We love the beats and their stories of liquid nights and hot jazz and the liberty to run screaming across middle America with their middle fingers stuck high in the air.

We love the guazey white diffusion that the romantics laid over reality. Coleridge and de Quincey and the rest of the self-absorbed crew draw deep sighs from the hearts of duty bound dads and heartbroken undergrads alike. Kubla Khan, a pleasure dome ... if only ...

We love the idea of being somebody else somewhere else. Henry Miller in Paris in 1922; a drink in one hand and his dick in another. Grand Daddy Paul Bowles in Tangiers in 1944; a bowl of Kif and a city of hipsters laid, stoned on heat and possibility, before him.

We love (and here I get slapped) that people die.
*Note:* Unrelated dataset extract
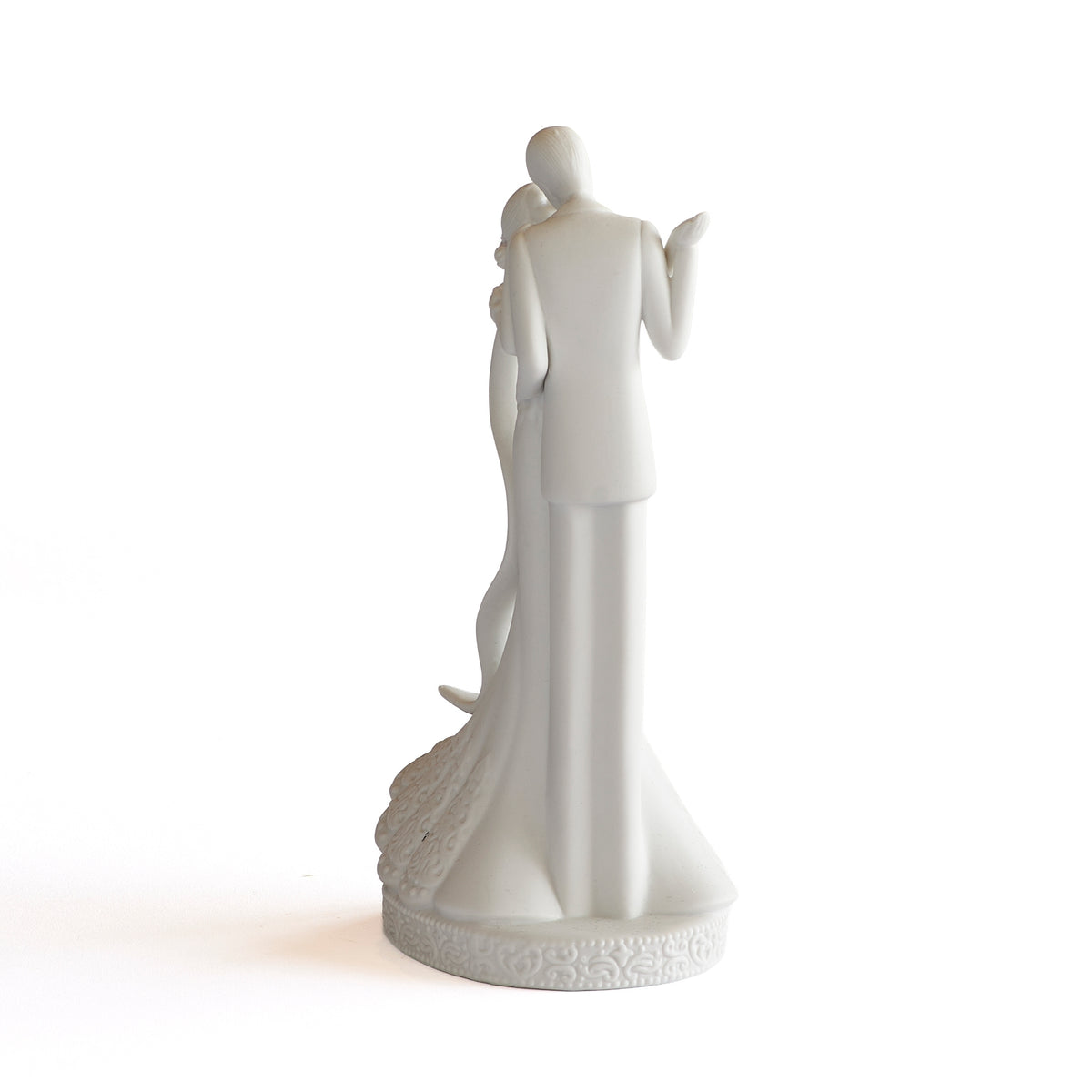 Rear view of wedding cake topper showing the groom’s suit and the bride’s long gown.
In fact, the more people that die and the dirtier it is, the better it feels. "I'm not like that, I am safe," goes the story. Witness gunfire at the Pho Luc Pan .... Boomm ... three bodies slump on the table and hearts go pitter-patter and "fuck" escapes our lips, "what are they up to."
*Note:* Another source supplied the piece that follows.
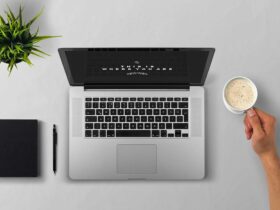 Minimalist workspace with laptop, notebook, and coffee cup representing a clutter-free digital life.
We love Uma Thurman sprawled lifeless, no heart, no heat, on the floor. Red rises from the tip of a needle ... she lives and heorin chic slouches down the runways of London and New York. Eyes bruised black, hollow cheeks and slumping shoulders.

Or ... thud ... a daughter topples from a dirty mattress onto a dirty floor and a collective ... "tsk, tsk," and "jeezuz, her poor mother," rises from the chintz. Poor thing, indeed. Poor other thing who isn't us.

They they they and not us us us, and so we remain safe ...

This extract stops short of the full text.